The WFCAM J, H, and K bandpasses follow the specification of the Mauna Kea consortium. The design of the MK filter set is described by Tokunaga et al. (2002, PASP, 114, 180). The WFCAM Z filter has a similar effective wavelength to the SDSS z' filter, and the WFCAM Y filter fills the gap between Z and J. An explanation of the design of the bandpasses for the Z and Y filters is provided below.
Table 1. Bandpasses of the 7 WFCAM filters. The cut-on and cut-off wavelengths are specified at 50% of peak transmission. The sharpness of the band edges is quantified by [wav(0.8)-wav(0.05)]/wav(0.05), and is specified to be <0.025 (here wav(0.8) is the wavelength where the transmission is 80% of peak).
Figure 1. The specified transmission profiles of the WFCAM filter set, normalised to the peak transmission, plotted against wavelength. The five broad-band filters are plotted in red, and the two 1% narrow-band filters are plotted in green. The lilac line plots the atmospheric transmission (normalised to the continuum) for typical conditions.
|The bandpass of the WFCAM Z filter (0.83-0.925µm) was designed to provide a reasonable match to the effective wavelength of the SDSS z' bandpass, but with a rectangular profile, and avoiding the atmospheric absorption band near 0.95µm. The two bandpasses are compared in Fig. 2. The specified WFCAM Z profile is shown in red. The array quantum efficiency is approximately flat over this wavelength range. The SDSS z' bandpass is defined by the long-pass z' filter and the falling q.e. of the CCDs towards longer wavelengths, multiplied by the atmospheric transmission. The normalised z' system throughput is shown as the grey dash-dot line. The effective wavelengths of the WFCAM Z and SDSS z' bandpasses are 0.876µm and 0.887µm, respectively (effective wavelength as defined by Schneider et al. (1993) ApJ, 264, 337).||
Figure 2. WFCAM Z filter. The red line plots the specified profile of the WFCAM Z filter, normalised to the peak transmission. The dash-dot grey line is the normalised system throughput for the SDSS z' passband (Fan et al. (2001) AJ, 121, 31). The lilac line plots the atmospheric transmission (normalised to the continuum) for typical conditions.
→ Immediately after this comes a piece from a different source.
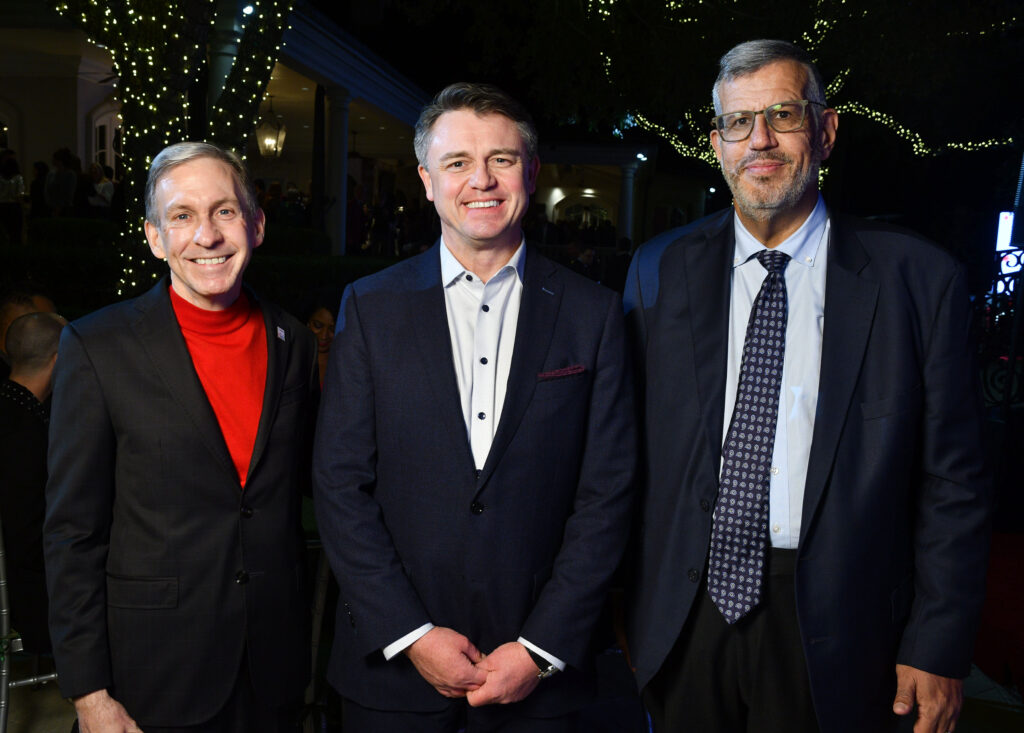 Dr. Peter Pisters, Chris McKee, Dr. Richard Gorlick at the Santa's Elves party benefiting the MD Anderson Children's Cancer Hospital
|The WFCAM Y filter (0.97-1.07µm) occupies the clean wavelength range between the atmospheric absorption bands at 0.95µm and 1.14µm. The bandpass is similar to, but slightly narrower than, the Y bandpass of Hillenbrand et al. (2002, PASP, 114, 708). The two bandpasses are compared in Fig. 3. The WFCAM Y filter (shown red) has a slightly redder cut-on wavelength than the Hillenbrand Y filter (shown grey dash-dot), in order to be clear of the atmospheric absorption band. The cut-off wavelength of the WFCAM Y filter is at a significantly bluer wavelength, and largely avoids the strong sky emission lines near 1.1µm. Not only does this reduce the sky background, but it improves the Y-J colour discrimination between high-redshift quasars and T dwarfs (as shown by Warren and Hewett (2002)).||
Figure 3. WFCAM Y filter. The red line plots the specified profile of the WFCAM Y filter, normalised to the peak transmission. The dash-dot grey line is the normalised profile of the Y filter of Hillenbrand et al. (2002, PASP, 114, 708). The orange line shows the spectrum of the sky (units unspecified). The lilac line plots the atmospheric transmission (normalised to the continuum) for typical conditions.